To wrap up the day, it’s Indiana again — Fort Wayne, this time — and a stop in Cape Girardeau, Missouri.
Trump at times seems resigned to losing the House. Reagan didn’t have much choice in keeping his final midterms swing to fighting for Senate seats: Democrats had solid control of the House already.
“If Trump loses both chambers, then the comparison will be more comparable,” said Barbara Perry of the University of Virginia’s Miller Center. “Iran-Contra had not really gained steam, other than some beginning conversations. So that is one similarity, because even though the Russia investigation has been talked about more, it really hasn’t come to fruition yet.”

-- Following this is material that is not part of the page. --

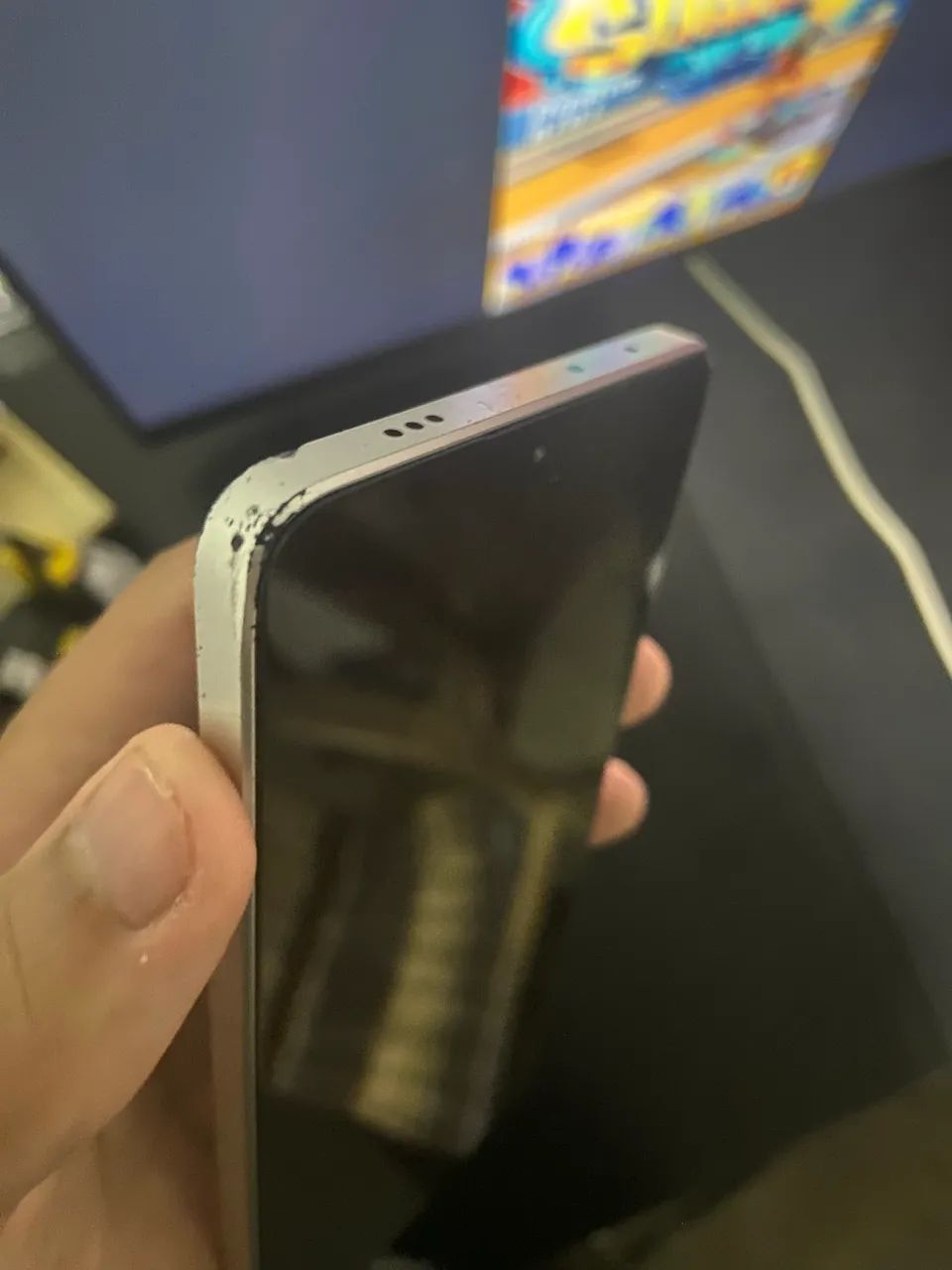 Poco X6 pro 256gb ? Usado e muito bem conservado - Foto 3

But Perry noted there are also many differences between the 1986 and 2018 midterms for the two presidents. It was Reagan’s second and is Trump’s first, for instance.

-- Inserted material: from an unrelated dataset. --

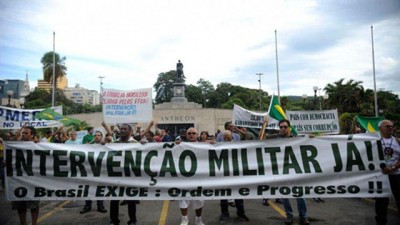 Apoyo a los gobiernos democráticos de la región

“For second-term presidents like Reagan, the question is — because people seem to get tired of them — do they have any coattails at all left?” she said. “As a first-term president, Trump’s coattails should never be stronger — we’re going to find out soon if that’s true of President Trump.”
The differences don’t stop there.
As he boarded Air Force One for his final midterms tour, Reagan’s approval rating was 63 percent, according to Gallup. Three decades later, the incumbent president will leave the White House on Wednesday afternoon with an approval rating hovering around 40 percent.
“The difference between Ronald Reagan’s pre-election tour in 1986 and Donald Trump’s this year is the difference between a Girl Scout coming to your front door to sell you tasty cookies and an IRS agent showing up to do a painful audit,” said Democratic strategist Brad Bannon.
“The Gipper” was unable to translate that into maintaining a GOP Senate, but this year’s electoral dynamics — with considerably more Democrats running than Republicans, and most of the action in GOP-friendly states — show “The Donald” could help Republicans pick up seats in that chamber even while likely losing the House. (A lone bright spot for Reagan was the election of Arizona Sen. John McCain, who died earlier this year.)
“If Reagan couldn’t help the GOP with 63 percent approval, Republicans shouldn’t count on much aid from a president at 40 percent,” Bannon said. “If the past is prelude, the GOP is hurtling toward a big hurt.”